I think there’s clearly going to be some people that want to stay in the suburbs and people have moved out to the suburbs; I think it’s going to have a pop to it. But I think, ultimately, it’s going to end up in the same spot that it was in before, which is [that] some markets are good, some are bad.

I’m not bullish on huge growth in suburban offices, with the exception of some of the markets that are just more suburban in nature — the tech markets, where the low office is the high-rise of that neighborhood.

How do you see the retail sector shaping up going forward, given the increase in e-commerce and online shopping?
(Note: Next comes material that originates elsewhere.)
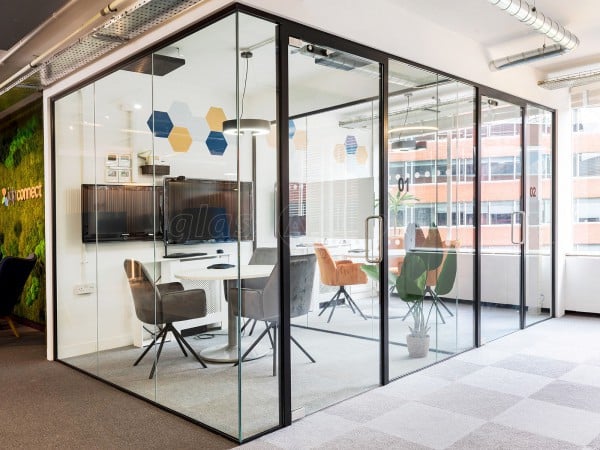 BJ Refurbishments (Putney Bridge, London): Glass Office Cubicles With Black Frames & Soundproofing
We’re seeing retailers coming back to markets that are attractive markets and signing leases, because they think they’re getting good deals. You can look at Madison Avenue or SoHo and see just massive drops in pricing. And so, we’re seeing retailers coming in, and signing leases and kicking the tires, and a lot of activity in good spots and good retail.

There’s a reason people go shopping — because they enjoy it. I can’t think of anyone who’s dying to go to the store to pick up batteries or a flashlight, or a toothbrush, but people do like to go try on clothes and do other stuff — look at furniture and sit in the chair. So, I think the retailers that are good retailers that have made it through, I think, are going to expand and are going to take space.

We’re seeing a lot of activity in the market on storefronts, which is very encouraging. It all comes back to people coming back to the city. In apartment portfolios, we’re seeing huge surges.